I’m also very impressed and surprised with the deceleration which the crew can bring to the opponent’s crew, with everything able to do something to slow them down (which of course is useful in every strategy and every scheme). This is something I hadn’t really spotted on the face of it. I always view Marcus’ crew as a crew which wants to get in, break some faces, and then run away, but certainly the molemen and RSR can survive a fair while in a fight, and with the support of Myranda they’re as resilient as many other things in Malifaux. This was something I hadn’t really identified in the Molemen before.
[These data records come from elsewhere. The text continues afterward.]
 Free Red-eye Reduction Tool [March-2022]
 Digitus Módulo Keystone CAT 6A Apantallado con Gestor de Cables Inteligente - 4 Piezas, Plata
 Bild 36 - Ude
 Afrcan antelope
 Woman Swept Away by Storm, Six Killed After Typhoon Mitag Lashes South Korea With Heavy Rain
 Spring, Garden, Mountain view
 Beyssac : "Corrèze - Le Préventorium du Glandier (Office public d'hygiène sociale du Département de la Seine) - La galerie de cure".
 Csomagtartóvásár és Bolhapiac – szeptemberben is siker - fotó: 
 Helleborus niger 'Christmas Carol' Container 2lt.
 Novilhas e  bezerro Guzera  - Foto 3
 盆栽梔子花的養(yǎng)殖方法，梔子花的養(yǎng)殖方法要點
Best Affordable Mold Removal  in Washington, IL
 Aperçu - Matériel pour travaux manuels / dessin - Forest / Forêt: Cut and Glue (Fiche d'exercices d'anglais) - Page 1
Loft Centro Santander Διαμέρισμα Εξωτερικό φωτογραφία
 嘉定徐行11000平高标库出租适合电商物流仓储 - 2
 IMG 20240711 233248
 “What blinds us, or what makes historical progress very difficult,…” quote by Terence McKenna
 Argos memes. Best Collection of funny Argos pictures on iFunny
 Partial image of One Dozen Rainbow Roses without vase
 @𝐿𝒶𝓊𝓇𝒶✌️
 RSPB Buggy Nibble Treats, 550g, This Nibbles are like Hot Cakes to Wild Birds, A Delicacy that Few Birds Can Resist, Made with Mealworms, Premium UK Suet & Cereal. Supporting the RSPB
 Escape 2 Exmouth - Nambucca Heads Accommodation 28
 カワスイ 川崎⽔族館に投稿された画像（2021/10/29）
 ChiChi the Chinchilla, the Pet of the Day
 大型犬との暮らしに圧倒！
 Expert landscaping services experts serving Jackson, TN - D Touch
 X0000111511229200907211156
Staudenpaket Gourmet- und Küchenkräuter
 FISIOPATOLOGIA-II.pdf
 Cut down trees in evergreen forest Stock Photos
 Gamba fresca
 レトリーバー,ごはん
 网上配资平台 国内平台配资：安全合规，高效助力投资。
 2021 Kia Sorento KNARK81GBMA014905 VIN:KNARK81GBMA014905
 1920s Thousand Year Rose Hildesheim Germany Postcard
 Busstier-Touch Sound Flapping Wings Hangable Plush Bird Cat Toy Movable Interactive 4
I tend to use them for chucking out scheme markers, but with armour 2 and a defensive trigger to potentially reduce damage to 0, they actually do very well against many models which have a weak damage of 2. Holding up those models for a turn to stop them getting a squatter’s rights marker (for instance) can easily be the difference between winning/losing a game (see my Halifaux game against Jimmy).
So in summary, I think Joel’s speed theory is a really interesting new way of looking at how your crew functions, and what it has to offer in different areas. It also really highlights strengths of individual models. For instance from a standing start, Marcus can either shut down half of the opposing crew with law of meat, debuff a key model to put it on negative flips for the turn (meaning beatsticks/RSR can get in and do some real damage), get a bunch more AP out of a beatstick, or leg it himself to get the movement to out position the opponent for next turn. He’s so flexible it’s ridiculous.
Anyway, so my advice to you, is have a think through what the different models in your crew do in terms of this speed theory (maybe make a table… if you’re that way inclined). It really makes you think about what each ability/action is actually giving to your crew.
And with that, I’ll end here. At present I have no idea what the next post will be about. There’s still a Cerberus and RSR which you might like a focussed post on, so maybe one of those, or maybe I’ll have figured out some deep philosophical point to make, or tactical ploy to try out. Who knows.